What Do the Experts Think?
It depends on which expert you ask. There are a lot of economic indicators, so depending on the ax to grind, experts may favor one over another. Federal Reserve Chairman Powell has been very clear. In his public statements, he has indicated that the Fed’s job is becoming more difficult and that a recession is certainly possible. But the Fed intends to keep raising rates because preventing high inflation from becoming entrenched is the priority. Powell has cited the extremely strong labor market as a cushion to the economy while rate increases do their work.
Consumer sentiment is an important indicator because it is a gauge of consumer behavior – consumers that believe the economy will decline will pull back from spending. The University of Michigan Consumer Sentiment Index is touching lows – but so far, it's not reflected in consumer spending, which remains solid.
Similarly, the increase in mortgage rates has meant that the housing market is cooling, but it’s still very positive. “Cooling” just means that the growth in prices is slowing – not that prices are coming down. Housing inventory remains low, and while housing starts have declined from recent historic highs, they are still equal to pre-pandemic levels.

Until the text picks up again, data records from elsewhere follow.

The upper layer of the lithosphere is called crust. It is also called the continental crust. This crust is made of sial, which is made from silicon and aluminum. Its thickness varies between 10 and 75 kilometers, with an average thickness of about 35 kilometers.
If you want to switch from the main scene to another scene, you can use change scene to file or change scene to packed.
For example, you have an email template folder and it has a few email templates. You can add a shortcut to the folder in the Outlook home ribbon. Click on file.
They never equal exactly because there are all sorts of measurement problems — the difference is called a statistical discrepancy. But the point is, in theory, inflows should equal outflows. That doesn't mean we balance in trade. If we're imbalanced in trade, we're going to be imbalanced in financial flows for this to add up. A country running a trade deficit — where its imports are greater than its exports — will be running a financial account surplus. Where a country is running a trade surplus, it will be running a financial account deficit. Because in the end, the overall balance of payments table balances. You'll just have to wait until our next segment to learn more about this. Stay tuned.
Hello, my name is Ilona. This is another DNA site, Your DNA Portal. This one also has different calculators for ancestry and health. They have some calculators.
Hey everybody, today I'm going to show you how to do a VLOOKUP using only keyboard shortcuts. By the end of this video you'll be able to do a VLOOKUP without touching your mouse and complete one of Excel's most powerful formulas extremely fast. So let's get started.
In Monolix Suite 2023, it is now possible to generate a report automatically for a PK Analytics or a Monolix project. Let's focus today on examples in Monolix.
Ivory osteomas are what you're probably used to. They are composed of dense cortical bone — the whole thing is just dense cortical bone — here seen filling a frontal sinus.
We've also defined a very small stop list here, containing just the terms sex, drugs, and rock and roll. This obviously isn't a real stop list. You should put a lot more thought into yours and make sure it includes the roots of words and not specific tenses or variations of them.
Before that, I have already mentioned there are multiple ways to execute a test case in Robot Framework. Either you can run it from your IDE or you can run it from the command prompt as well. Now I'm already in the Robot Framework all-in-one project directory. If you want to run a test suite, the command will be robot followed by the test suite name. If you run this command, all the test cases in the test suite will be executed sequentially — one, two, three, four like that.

The equity markets have experienced the worst first half since 1970, and markets are forward-looking. They price in today where the outlook is likely to be six-to-12 months into the future. But mostly, what markets hate is uncertainty. It's impossible to know if the Fed will be successful or if inflation will come down. But as the Fed continues to hold a steady course, more data will be forthcoming.
The Bottom Line
Despite the shock June CPI number – there is already evidence that July will look better, as gas prices have declined significantly. A trend toward falling inflation and a moderating but not collapsing labor market would provide significant reassurance. Even if we enter a recession, given the economy's overall strength, it may be shallow and quickly corrected as the economy gets onto a more normal path.